The feature tag is input in pre-established training pattern and is predicted, obtains prediction result；

According to the prediction result, the user's specific identity for issuing the voice operating instruction is determined.

2. the method according to claim 1, wherein the voice operating instruction to pre-acquiring is located in advance Reason obtains feature tag corresponding with voice operating instruction, specifically includes:

Semantics recognition processing is carried out to the voice operating instruction of the pre-acquiring, obtains semantic text content；

According to the first preset rules, semantic feature is extracted from the semantic text content；

Feature tag corresponding with the semantic feature is matched from pre-established database.

3. according to the method described in claim 2, it is characterized in that, when not being matched to from pre-established database and institute's predicate When the corresponding feature tag of adopted feature, determines the voice operating instruction ignore, stop executing subsequent operation；

Alternatively, when being matched at least one feature tag corresponding with the semantic feature from the pre-established database When, according to the second preset rules, validity feature label is screened from least one described feature tag, is had so as to subsequent by described Effect feature tag, which is input in pre-established training pattern, to be predicted.

4. method according to claim 1-3, which is characterized in that the voice operating to pre-acquiring instruct into Row pretreatment, before obtaining feature tag corresponding with voice operating instruction, the method also includes:

5. method according to claim 1-3, which is characterized in that the pre-established training pattern construction step Include:

A plurality of voice operating instruction sample is received and stored, a plurality of voice operating instruction sample is issued by different user；

According to sound groove recognition technology in e, classify to voice operating instruction sample, the voice operating that same user is issued Instruction sample is classified as one kind, and operational order sample of users type is marked；

Each voice operating instruction sample is pre-processed respectively, obtains feature mark corresponding with voice operating instruction sample Label；Feature tag corresponding with voice operating instruction sample is input in training pattern and is trained, it can be accurate until obtaining When identifying the optimal training pattern of the corresponding feature tag of a certain type of user voice operating instruction sample, by the optimal training Pre-established training pattern of the model as the user type.

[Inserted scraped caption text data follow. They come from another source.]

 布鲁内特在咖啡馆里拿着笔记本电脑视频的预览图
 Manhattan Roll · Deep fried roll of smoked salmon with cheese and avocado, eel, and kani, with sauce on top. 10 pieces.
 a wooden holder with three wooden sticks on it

6. method according to claim 1-3, which is characterized in that the pre-established training pattern is decision tree Model.

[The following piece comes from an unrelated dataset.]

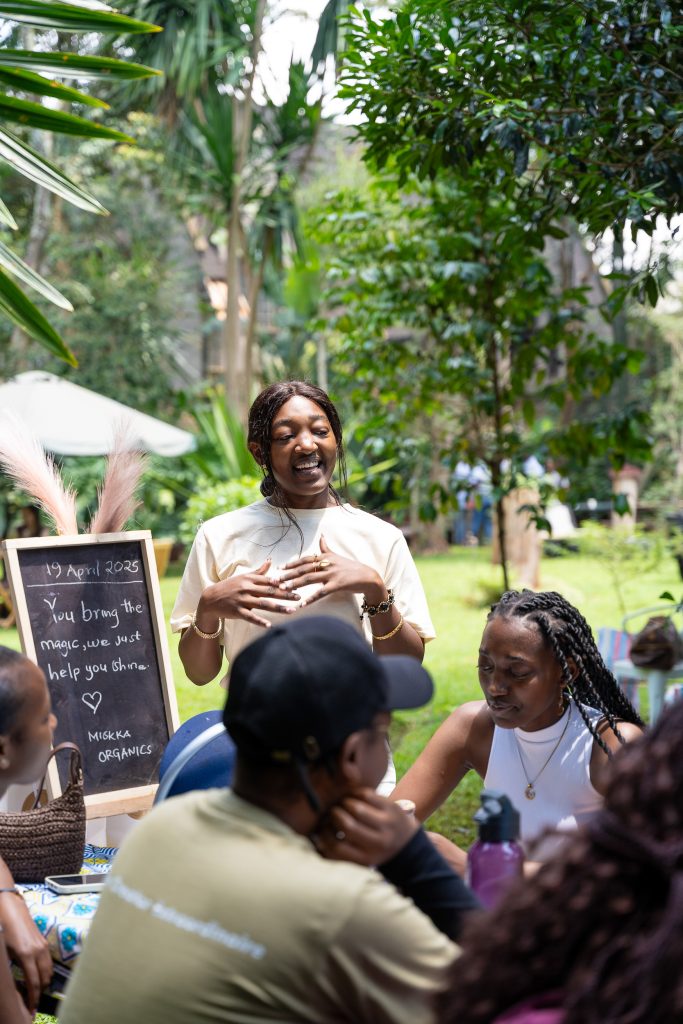 Facilitator speaking to a seated group at an outdoor garden workshop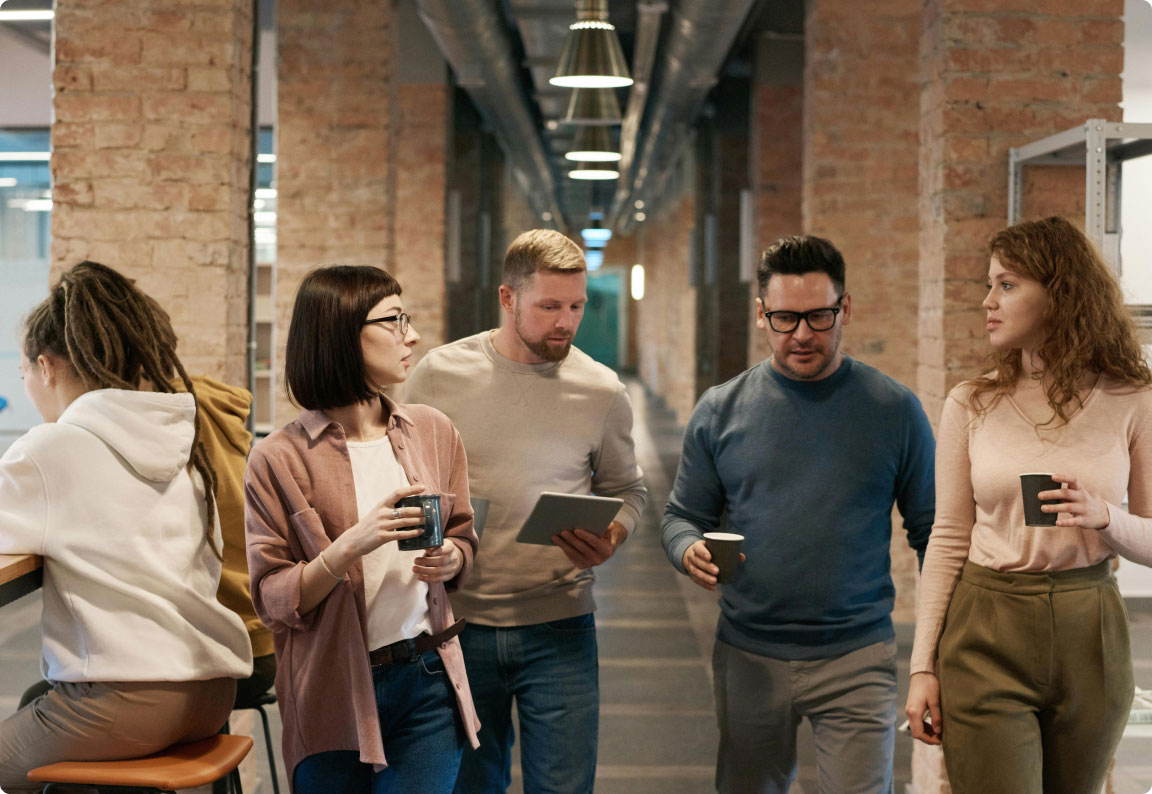 happy employees with health insurance benefits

7. a kind of device based on voice operating instruction identification user's specific identity, which is characterized in that described device includes:

Predicting unit is predicted for the feature tag to be input in pre-established training pattern, obtains prediction result；

Identity recognizing unit, for determining the user's specific identity for issuing the voice operating instruction according to the prediction result.

8. device according to claim 7, which is characterized in that the processing unit is also used to, in the voice to pre-acquiring Operational order is pre-processed, before obtaining corresponding with voice operating instruction feature tag, by sound groove recognition technology in e, The voice operating for obtaining pre-acquiring instructs corresponding user type；

9. a kind of system based on voice operating instruction identification user's specific identity, which is characterized in that the system comprises: processing Device and memory；

The memory is for storing one or more program instructions；

The processor, for running one or more program instructions, to execute side as claimed in any one of claims 1 to 6 Method.

10. a kind of computer storage medium, which is characterized in that refer in the computer storage medium comprising one or more programs It enables, one or more of program instructions are used for the system by a kind of based on voice operating instruction identification user's specific identity and execute As the method according to claim 1 to 6.